Submitted by v2thegreat t3_12285x7 in MachineLearning
Hi everyone,
I'm working on a project that involves working with image datasets that have tens of thousands to millions of images.I'm looking for some advice and recommendations on the best tools and frameworks to use for this task. Here are some of the questions I have:
- What are the best tools for storing and accessing such large image datasets? I've used NetCDFs and Zarrs in the past, but most image-processing libraries like sci-kit-image or opencv don't support it. Do you guys just store all your images in a massive data lake?
- I'm familiar with TensorFlow, but I'm sick of its issues it's got a ton of lacking functionality that seems broken or abandoned, such as gradient checkpointing, and its lack of transparency with underlying functionality. I know Pytorch exists, but I feel like there's a higher learning curve to it. Is there a Keras equivalent to Pytorch?
- Is there any way to accelerate the image processing tasks using a GPU? I know GPUs are mainly used for training models, but I'm wondering if there is any benefit or possibility of using them for image processing as well.
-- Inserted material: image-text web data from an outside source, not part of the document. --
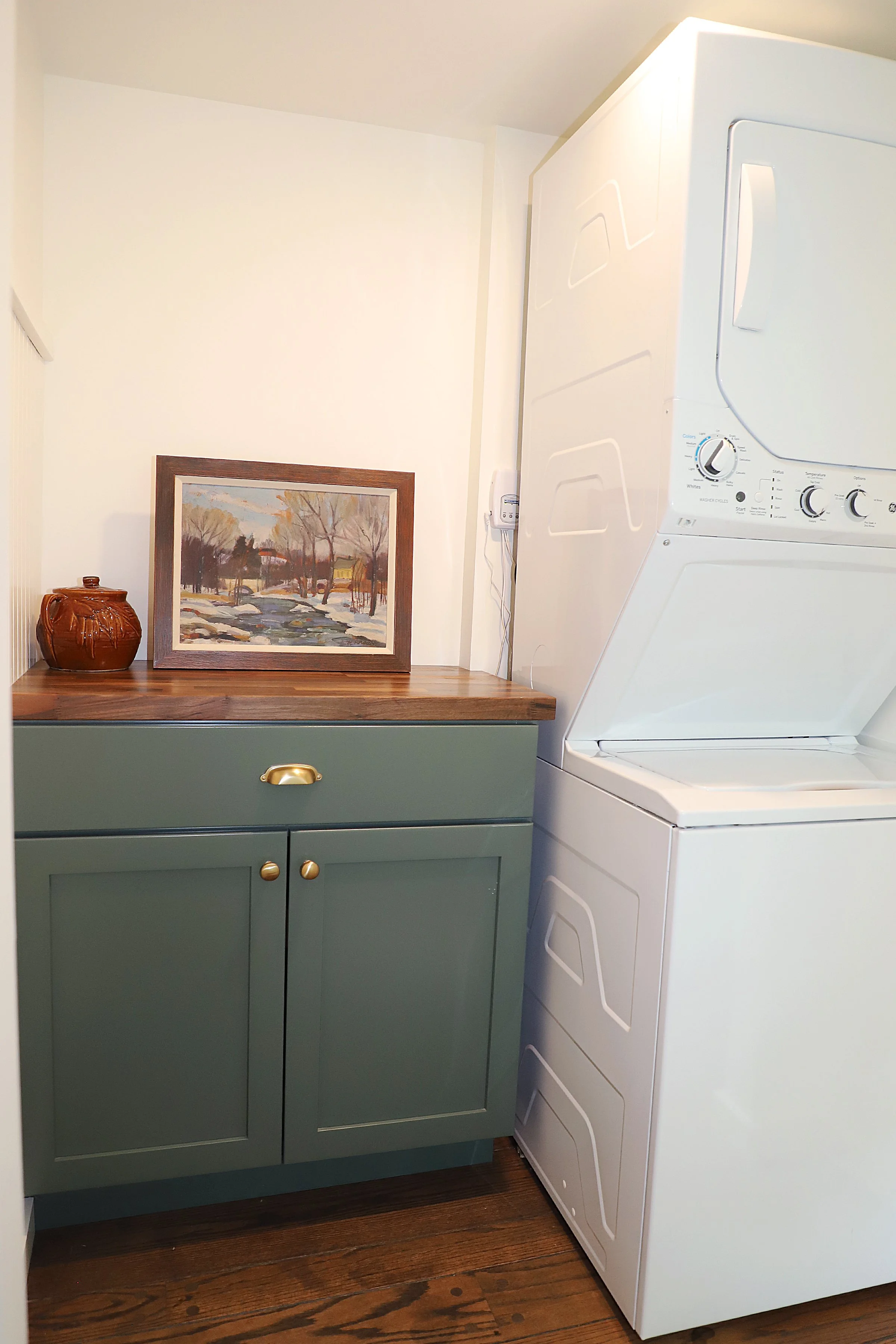  NEW UPSTAIRS LAUNDRY NOOK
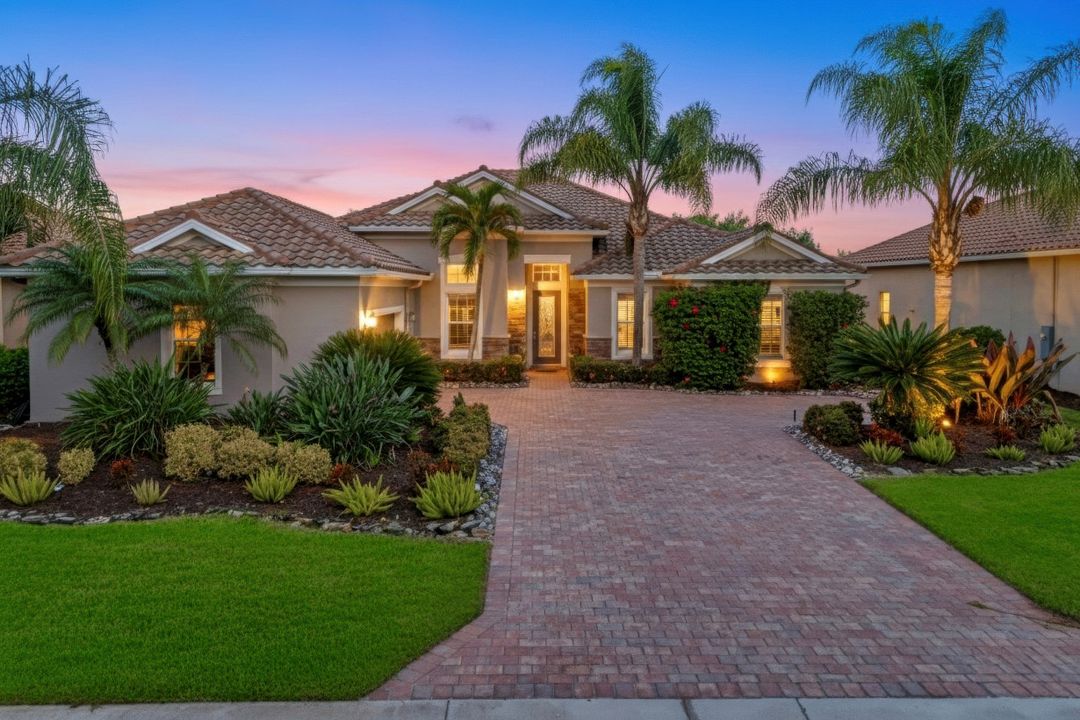 9314 Quarry Dr, Naples, FL 34120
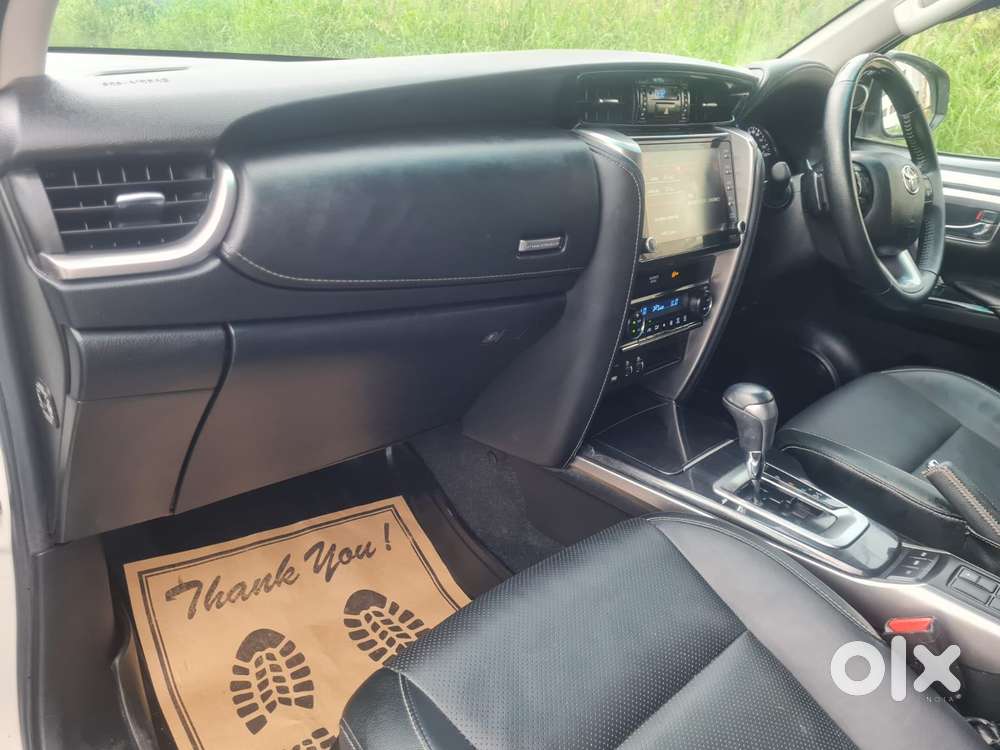 Toyota Fortuner [2021-ongoing] 2.8 2wd Diesel At, 2023, Diesel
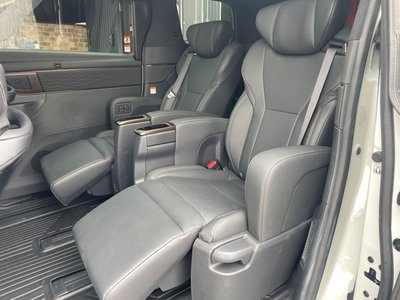 صورة 23 لـ 2025 Toyota ALPHARD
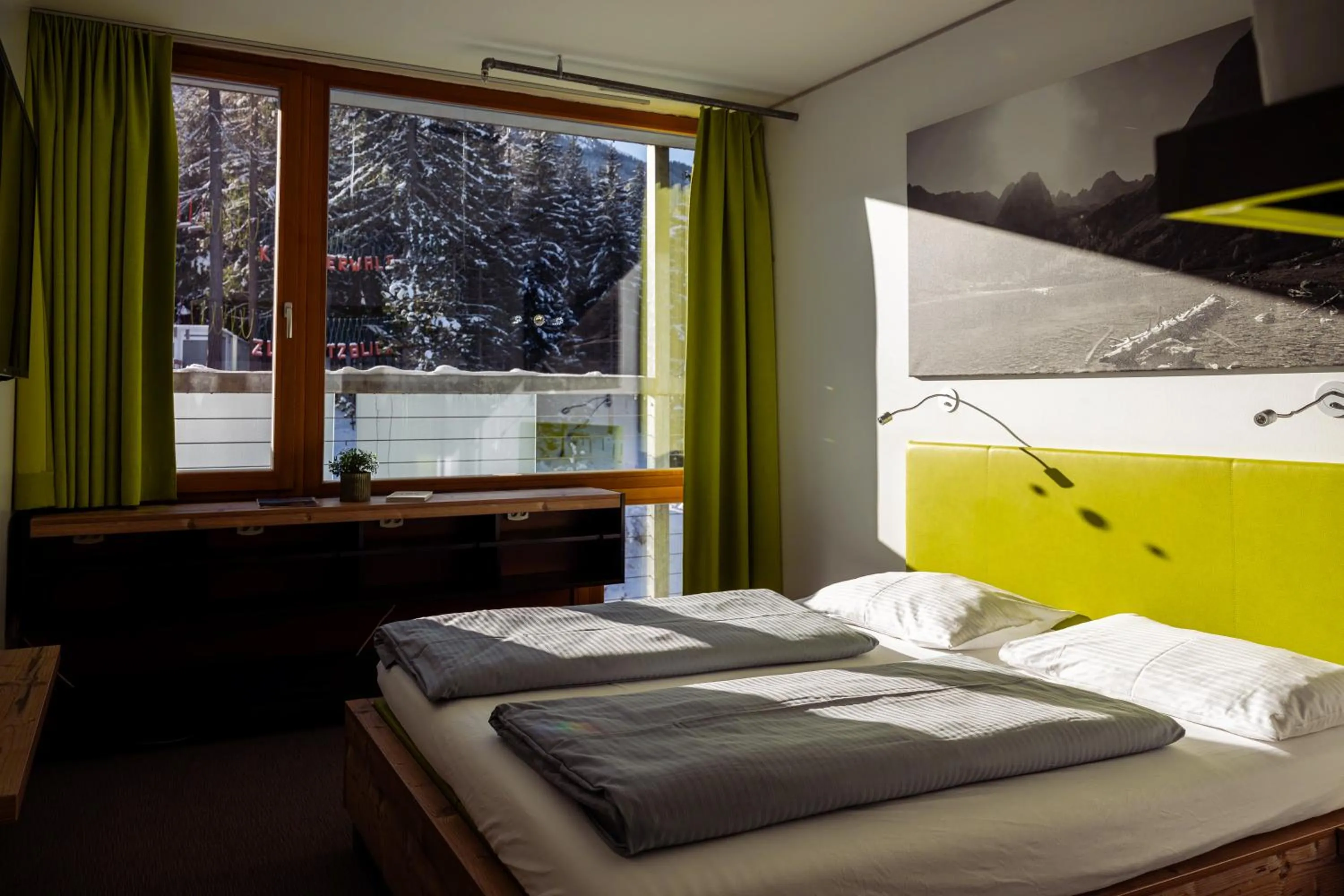 Bed in DORMERO BeHo Zugspitze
If so, how can I do that?
- Is there any way to meaningfully store the image dataset as some form of a database with all of its features in one place? I'm interested in having a structured and searchable way to access the images and their metadata, such as labels, captions, annotations, etc.
I wanna mention that I've spent a LOT of time reading up on these things and haven't been able to find a suitable answer, so I'm posting this here as a final resort
elnaqnely t1_jdpty1s wrote
> accelerate the image processing tasks using a GPU
You can find some working code to do simple manipulations of images (scaling, flipping, cropping) on a GPU. Search for "gpu image augmentation".
> image dataset as some form of a database
With millions of images, the metadata alone may be difficult to navigate. I recommend storing the images/metadata on a good SSD (plus a backup), with the metadata in Parquet format, partitioned by categories that are meaningful to you. That will allow the metadata to be efficiently queried using Arrow or Spark, both of which have Python wrappers (pyarrow, pyspark).
For the images themselves, store them in a similar nested directory structure to match the metadata. This means your images will be grouped by the same meaningful attributes you chose to partition the metadata. Also, this will hopefully keep the number of images per directory from becoming too large. Doing that will allow you to browse thumbnails using whatever file browser comes with your operating system. To rapidly page through thousands of images, I found that the default Ubuntu image viewer, Eye of Gnome, works really well.